§ GIVEN RECORDS
··········

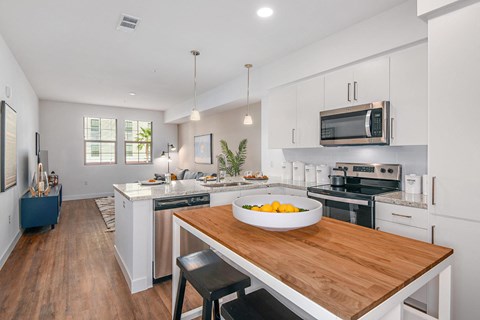 a kitchen with a bowl of fruit on a wooden table
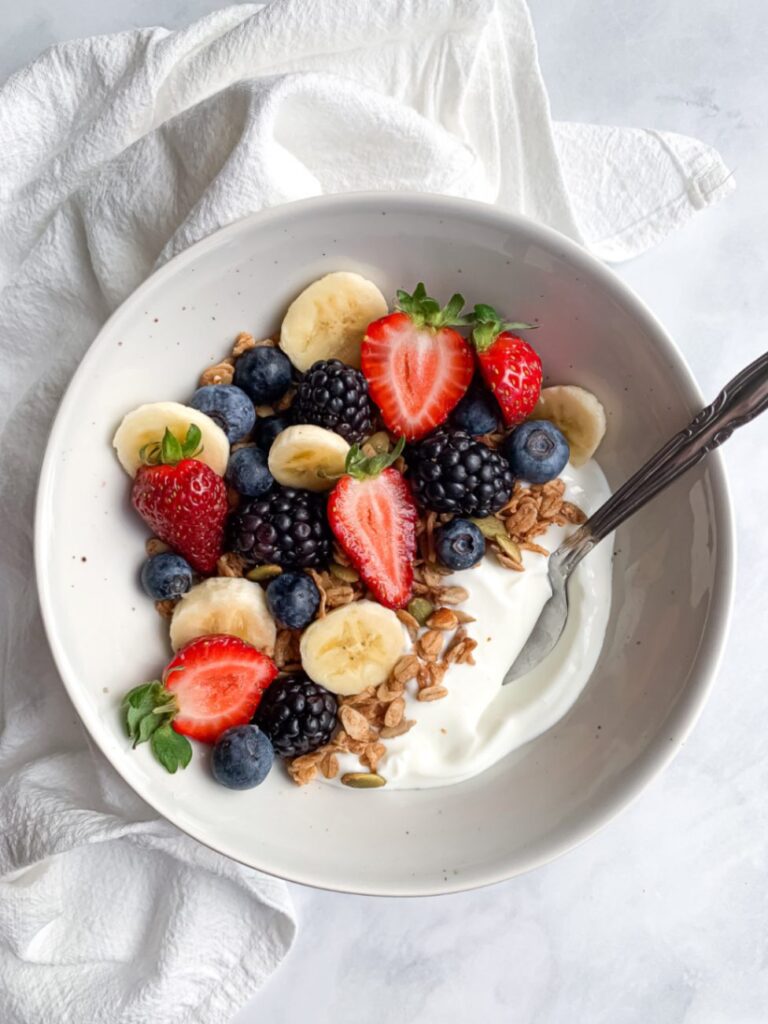 Yogurt topped with berries, banana, and granola as a balanced snack for kids.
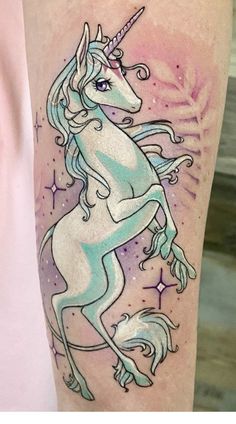 a tattoo with a unicorn on it's leg and stars in the sky behind it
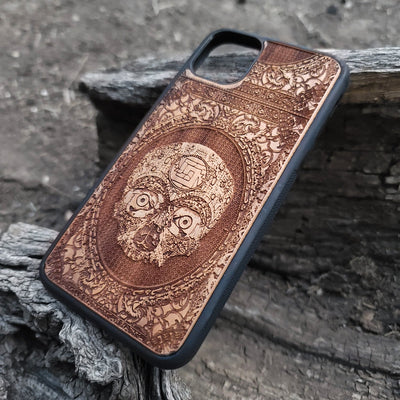 Aztec Skull wooden phone case featuring a detailed laser-engraved design. Compatible with iPhone , iPhone 15, Galaxy S, Note 20, and other popular models. Ideal for fans of gothic, dark, and ancient art designs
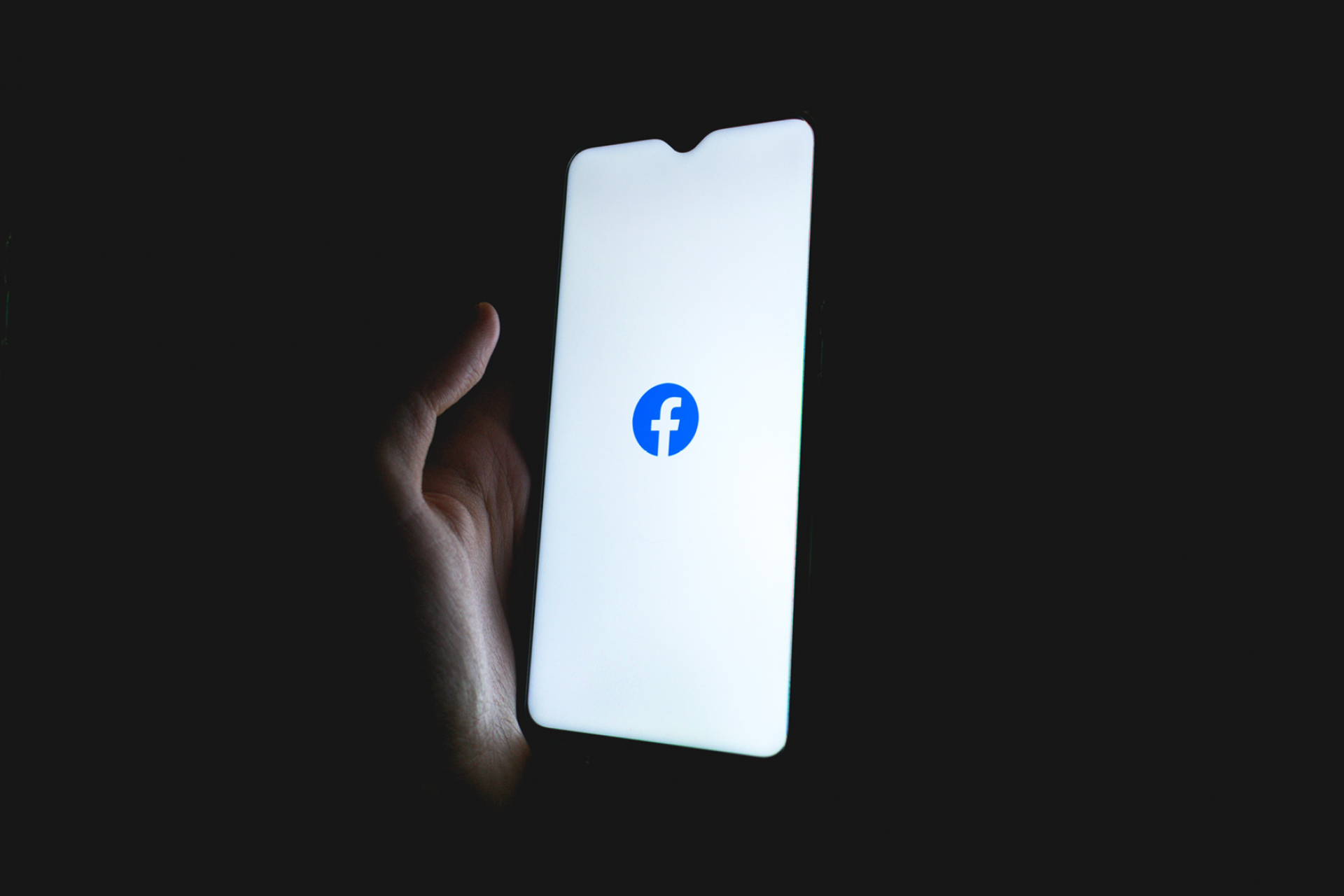 Phone with Facebook Logo on white screen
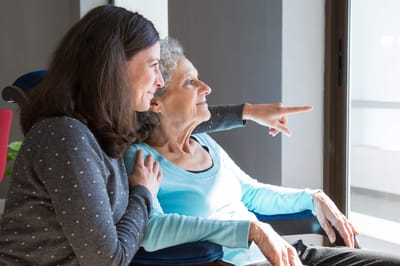 Arbor Terrace at Cascade, memory care in Atlanta, GA — Two women enjoying time together by a window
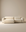 The Baker Modular Sofa | Fabric • M3 by Wooden Stories features a modern, minimalist beige design with wide armrests and a low backrest, showcased against a plain, neutral-colored background.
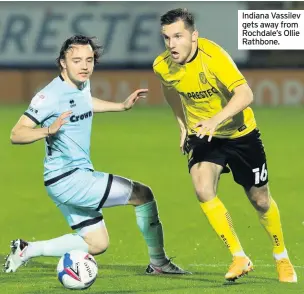  ??  ?? Indiana Vassilev gets away from Rochdale’s Ollie Rathbone.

··········

§ PROBLEM TO SOLVE
Starting at the line that contains "Arbor Terrace at", transcribe every line through the end of the listing exactly, including both end lines and excluding pictures.

§ RESPONSE
 Arbor Terrace at Cascade, memory care in Atlanta, GA — Two women enjoying time together by a window
 The Baker Modular Sofa | Fabric • M3 by Wooden Stories features a modern, minimalist beige design with wide armrests and a low backrest, showcased against a plain, neutral-colored background.
  ??  ?? Indiana Vassilev gets away from Rochdale’s Ollie Rathbone.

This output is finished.